Recruiting and retaining the best researchers is a key challenge for Europe. Talks about introducing an attractive career structures with prospects for advancement, such as a tenure track, are ripe. Well-established in the US and increasingly in the UK, tenure track provides a clear, merit-based system that takes excellent researchers from postdoc to professor. But even if it is desirable, it does not guarantee more time for research given the increasingly bureaucratic nature of the job of university professor.
In a tenure track, good evaluations may lead to a fixed position as associate professor after five or six years and as full professor after a longer period. During this time, the research professors are free to follow their chosen research topic independently of established professors.
Until now, the chance of gaining a full professorship for European scientists had been a matter of emigrating or being prepared to wait. “In my time”, looks back Patrick Aebischer, president of the Ecole Polytechnique Fédérale de Lausanne (EPFL) in Switzerland, “a young researcher could go to the US or wait until a settled professor died or quitted. And after ten years in the US the motivation to come back has to be strong.”
Increased European funding for scientists, such as ERC-grants—at the level of €7.5 billion to 3,400 projects from 2007 to 2013—has done much to counter the trend of US emigration as it offered some prospect to stay in Europe to do high-level research. “If we want to complete the European Research Area, European universities need open, transparent and merit-based recruitment systems that provide stable careers for talented scientists,” says Robert-Jan Smits, EU-director general for research and innovation, based in Brussels, Belgium.
So what exactly would it take to reverse this trend, and prove scientists in Europe with a decent career path? “If we have a good infrastructure for funding a ten year track, the good researchers will stay,” EPFL’s Aebischer says, “and if we want to attract more women in these tracks, it should include measures such as maternity leave.” He adds: “The system also as to include a ‘no’-possibility, in case the work of a researcher isn’t [providing satisfaction].”
EPFL, for example, is a tenure track pioneer in Europe. Aebischer admits that ERC-grants remain the most important instrument for the implementation of such career structure. “Around half of our tenure track professors have an ERC-past,” Aebischer says.
Having tenure tracks does not solve all the issues scientists encounter, however. “Sometimes you can ask what part of her time an independent working professor is really doing research,” says Melanie Blokesch, German citizen and tenure track assistant-professor in molecular microbiology at EPFL since 2009, “She has to be a multi-tasker, establishing a lab, hiring a staff, doing administration and coordination, and writing a long-range plan.” This suggests that tenure track does not necessarily guarantee that a professor would have time ring fenced for research.
Even within a general tenure track system, universities like to retain in their own hands the final choice of candidates.
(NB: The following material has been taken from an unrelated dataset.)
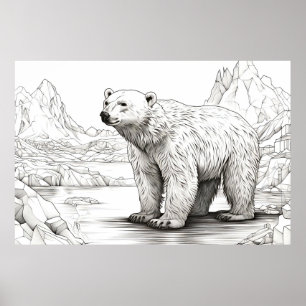 Polar Bear Peaceful Nature Prairie Sketch Drawing Poster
This stems from the academic tradition where independence is a hard gained and very nourished tradition. Some believe that independence is a guarantee to maintain culture and diversity. And after selection and choice of the candidates, there are periodical evalutions. A tenure track is a security net, not a mattress. When a candidate receives a negative evaluation, they won’t become a full professor after his track period.
Some view excellence as needing to be periodically evaluated. “We must offer opportunities to excellent young people,” comments Wolfgang A. Herrmann, president of the Technische Universität München, Germany, “but opportunity is not the same as a safe job. After six years a ‘in or out’-decision has to be taken,” depending on the outcome of the evaluation.
But others do not believe that solving the career structure issue has a single solution. “A simple ‘in or out’ is not a social solution, “Hans van Duijn, rector magnificus of Eindhoven University of Technology in the Netherlands. “We need to dispose a broader variety of solutions to keep people aboard. In my city, we have to compete with Philips,” he adds, “the company offers postdoc-researchers a fixed position after only two years.”